Enjoy the current installment of "weekend reading for financial planners" - this week's reading kicks off with several articles related to the fiduciary standard (as the Institute for the Fiduciary Standard has dubbed this "Fiduciary September"), including the announcement from the Department of Labor that it is pushing back (but definitely not abandoning) its new fiduciary rule proposed, criticism from Bob Veres about how the brokerage industry seems to be simultaneously insisting that brokers already act in their small clients' interests even while claiming that those clients can't be served under the standard, and a look from Dan Moisand in the Journal of Financial Planning at how ineffective disclosure alone has been in trying to protect consumers (which, ultimately, should be the role of regulators).

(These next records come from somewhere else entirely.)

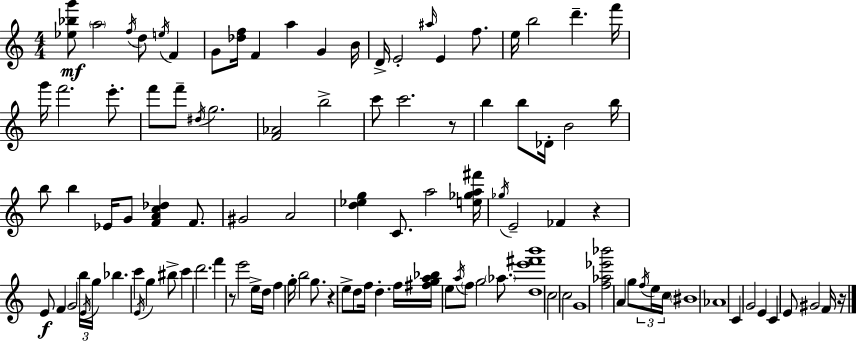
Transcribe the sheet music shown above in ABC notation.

X:1
T:Untitled
M:4/4
L:1/4
K:Am
[_e_bg']/2 a2 f/4 d/2 e/4 F G/2 [_df]/4 F a G B/4 D/4 E2 ^a/4 E f/2 e/4 b2 d' f'/4 g'/4 f'2 e'/2 f'/2 f'/2 ^d/4 g2 [F_A]2 b2 c'/2 c'2 z/2 b b/2 _D/4 B2 b/4 b/2 b _E/4 G/2 [FAc_d] F/2 ^G2 A2 [d_eg] C/2 a2 [e_ga^f']/4 _g/4 E2 _F z E/2 F G2 b/4 E/4 g/4 _b c' E/4 g ^b/2 c' d'2 f' z/2 e'2 e/4 d/4 f g/4 b2 g/2 z e/2 d/2 f/4 d f/4 [^fga_b]/4 e/2 a/4 f/2 g2 _a/2 [de'^f'b']4 c2 c2 G4 [f_a_e'_b']2 A g/2 f/4 e/4 c/4 ^B4 _A4 C G2 E C E/2 ^G2 F/4 z/4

From there, we have several financial planning technical articles this week, including an estate planning checklist after the loss of a client's loved one, how it's going to be harder in 2014 to buy a home due to changes rolling out from the Federal Housing Finance Agency, a look at the LTC insurance marketplace that tries to debunk some common myths, how many variable annuities over the past decade were mispriced (and therefore why clients probably shouldn't be accepting the company buyback offers), how risk management and lower volatility portfolios can result in alpha and higher returns even if they don't participate in the maximum upside, and a great discussion from Texas Tech professor Michael Finke on Social Security retirement claiming strategies for clients.

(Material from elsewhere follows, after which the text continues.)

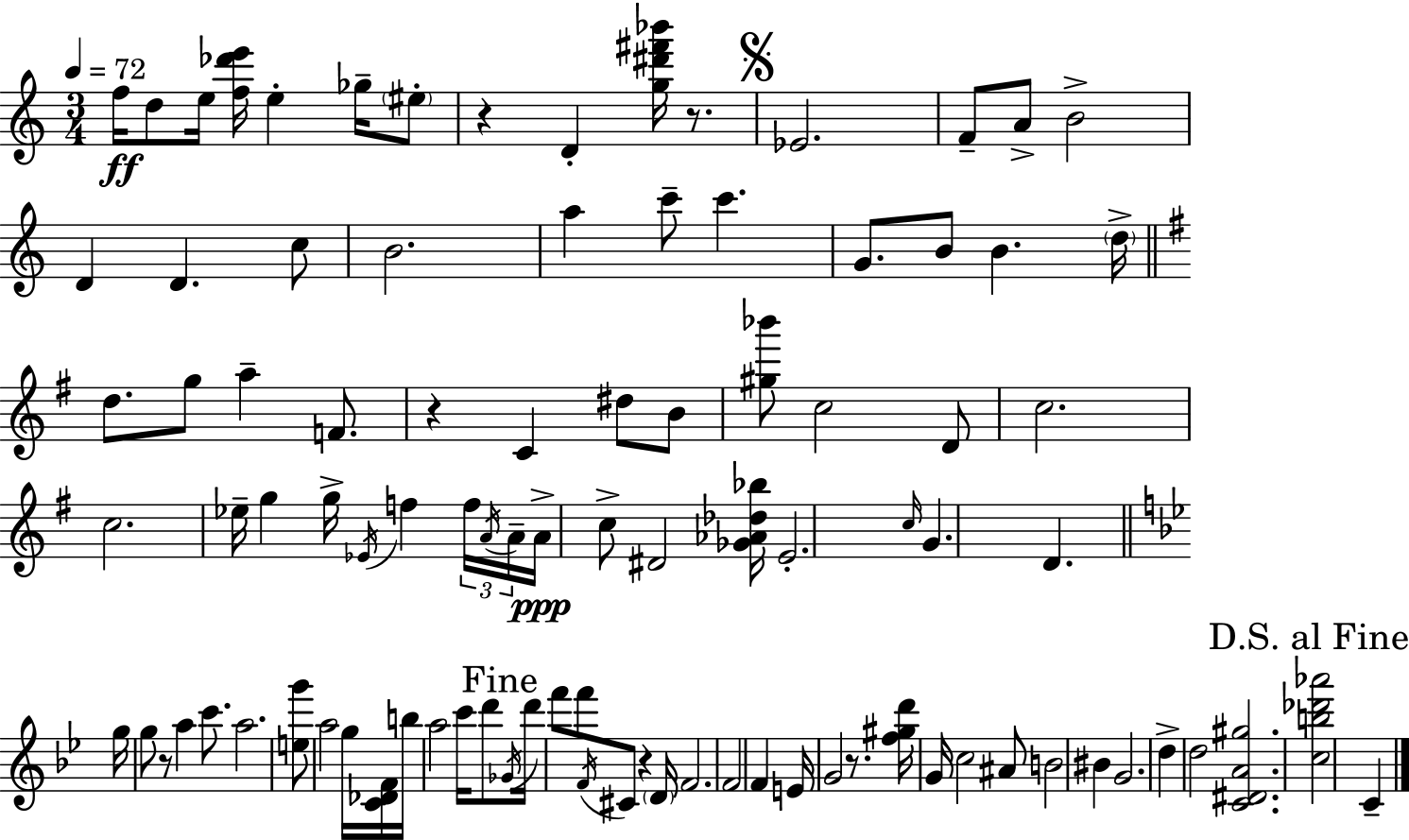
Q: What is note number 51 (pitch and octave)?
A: A5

We wrap up with three interesting final articles: the first is a look at the landscape of advisor designations, suggesting that given the growing complexity of the marketplace and the need for advisors to specialize, there will - and should be - more designations, but it's crucial to have appropriate standards and accreditation to separate the wheat from the chaff; the second is a series of "dangerous ideas" in the investment world, issues that clients and advisors may not be thinking about - often due to behavioral biases - but should; and the last a good reminder that ultimately as financial planners we are all human beings and we, too, aren't perfect and can make mistakes... and suggesting that it's ok to make yourself vulnerable and share that with clients sometimes, too, as it can ultimately make you more human and easy to relate to. Enjoy the reading!